History of the Writer as a Young Girl
Inkubate is delighted to share a guest blog by author, E. E. King
One of my earliest memories is of sitting on the steps leading into my parents’ living room and listening to the authors in my dad’s writers group read aloud from their latest works.
My father, Dolph Sharp, was born in 1914 in Long Island N.Y. As a young man, he wrote reviews and satirical shorts for a Hempstead, Long Island paper, later moving to Tucson and then to California for health reasons. Daddy made his living writing fiction for magazines like Colliers, The Saturday Evening Post and Women’s Day.
One of his works, “The Tragedy in Jancie Brierman’s Life,” was published in The Best American Short Stories of 1948. Buoyed by this success and looking for literary companionship in his new city, he set out to start a writers group by searching through the compendium’s Table of Contents for other writers living in Los Angeles.
Not long after, Ray Bradbury, Sanora Babb, Wilma Shore, Joseph Petracca, Elliott Grennard and Ben Maddow convened at our home in the Hollywood Hills and shared their stories over pastrami on rye with pickles and sauerkraut.
And so, for over 30 years, they came to Blair Drive. The house is built on the hill. One enters on the top floor and descends a few steps into the living room.

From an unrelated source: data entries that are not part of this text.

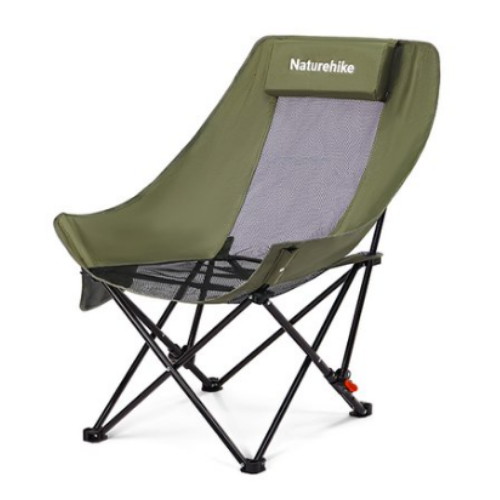 네이처하이크 씨스타 하이백 메쉬 문 체어 [그린]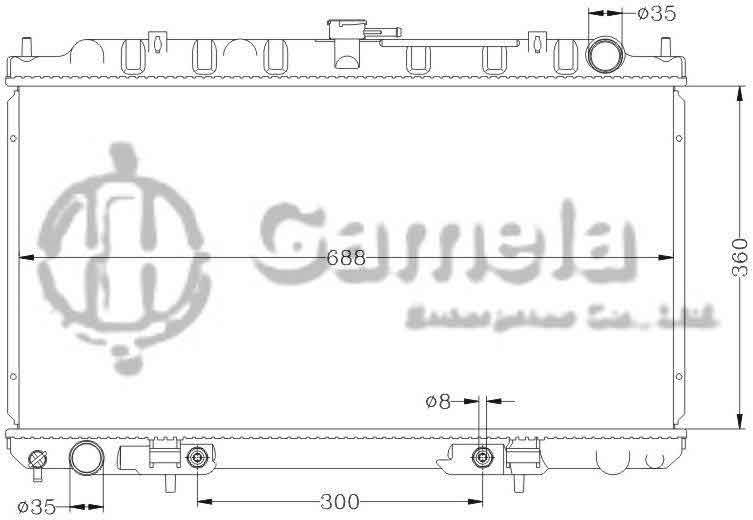 6115021N - Radiator-for-NISSAN-SUNNY-02-Dong-Feng-Yang-Guang-2-O-AT-OEM-21460-WD400-WD407-DPI-2328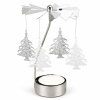 DECOLED Anjelské zvončeky, 8 × 13 cm, stromy, striebro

Gathering around the coffee table, they would read their works and comment on one another’s projects.
There were drinks and smokes and laughter…always laughter. Sometimes their spouses and other writers would join.
I remember hearing Ray read drafts of the The Halloween Tree, which started as a painting, then became a short story, then a screenplay and finally a novel. Ray loved words. He was drunk on language. For thirty years, these were always the best of times in our house.
A year before Ray died, he and I reminisced about Dad’s writing group. Ray said that he thought it worked so well and lasted so long because they were all so different. From screenplay writers, architectural critics, and magazine columnists to songwriters and scriptwriters, the group was diverse. Joseph Petracca, wrote of his Italian roots in NYC, while Sanora Babb recalled the Dustbowl of the 1930s. Wilma Shore wrote for the New Yorker, while Peg Nixon chronicled her South African childhood. And my father penned semi- fictional/semi-autobiographical tales about New York’s Brierman family. “There was no one stepping on anyone else’s feet,” Ray said.
I was happy when Ray took a real interest in Inkubate. During one of my last visits with him, when I showed him all my short stories and my father’s titles uploaded on Inkubate, Ray endorsed the platform, saying, “Inkubate is giving voice to new writers as well as resurrecting those that should not be forgotten. Inkubate is the place to discover talent.”
For every published short story, novel or play or poem, there are likely to be a hundred or more just as worthy unpublished works, just waiting to be discovered.